With M&A, most companies are focused on deal execution, and not enough time is spent on value creation. In fact, most companies aren’t optimized for creating value with M&A, which requires rethinking the approach to M&A.
M&A is a 4-quarter sport. M&A strategy and advisory is the 1st quarter. Deal execution is the 2nd quarter. Integration is the 3rd quarter. Deal Realization is the 4th quarter.
Companies utilize different coaches and different teams for each quarter without anyone overseeing the entire game from beginning to end. A consistent game plan and team management is required to keep everyone focused on the same end goal.
Below are 5 key ways that companies can begin optimizing for value creation.

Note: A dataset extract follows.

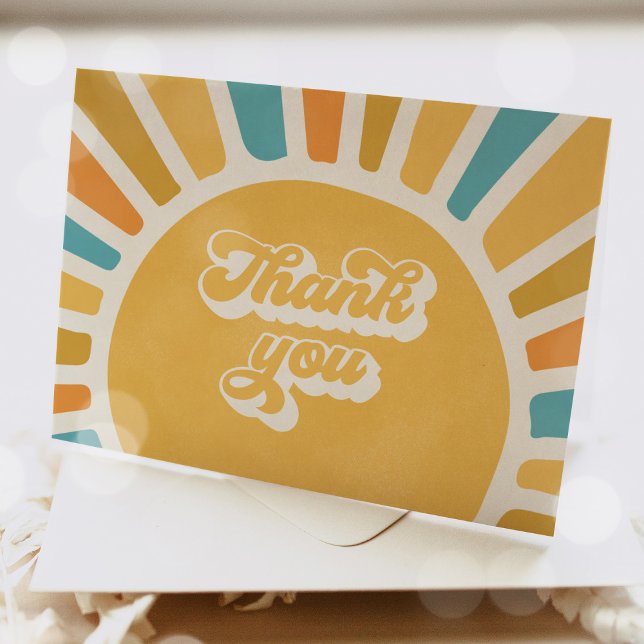 Sunshine Baby Shower Here Come The Son Thank You Card (Creator Uploaded)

- Deal Manager: Companies need to empower a new role in M&A: deal manager. This is not project management; the deal manager must have the knowledge, experience and authority to make the deal successful. The deal manager must understand each aspect of the deal and how all the different activities relate to value creation.
- Guided Deal Execution: A lot of time and energy is wasted in deal execution. Specialists are brought in to perform specific tasks, but each specialist is not positioned to understand how his or her activities relate to the ultimate deal success. For example, due diligence is handed off to associates and other junior team members to look at specific issues. However, the due diligence process is fantastic opportunity to understand how the target was run, the skills sets of team members and potential problems. Buyers need to optimize around deal execution to gain deeper insights.
- Experience Driven Strategy and Advisory: M&A strategy and advisory roles need to be filled by people with proper deal experience. They need deal execution, integration and optimization experience. Any deal can look good in theory, but an experienced deal person will be able to identify and troubleshoot potential issues before deciding to proceed with a deal.
- Focus on Deal Realization: Most companies only play the first 3 quarters, and lose the game in the 4th quarter. The 4th quarter is left to chance and is not actively monitored by the CEO or the deal advocates.
- Acknowledge and Address Problems: Deals don’t always go as planned. This is the nature of M&A. The strategy may prove to be unsound; the execution may be poor; the competitor may have seized on customer fears of M&A integration. The important thing is to quickly acknowledge when things aren’t working out, trouble shoot the likely cause, and take corrective action.
Once companies recognize M&A is a 4 quarter game, they will start to understand that M&A deals must be managed across all 4 quarters and how to optimize for value creation. M&A is not about getting the deal done, but creating value through M&A.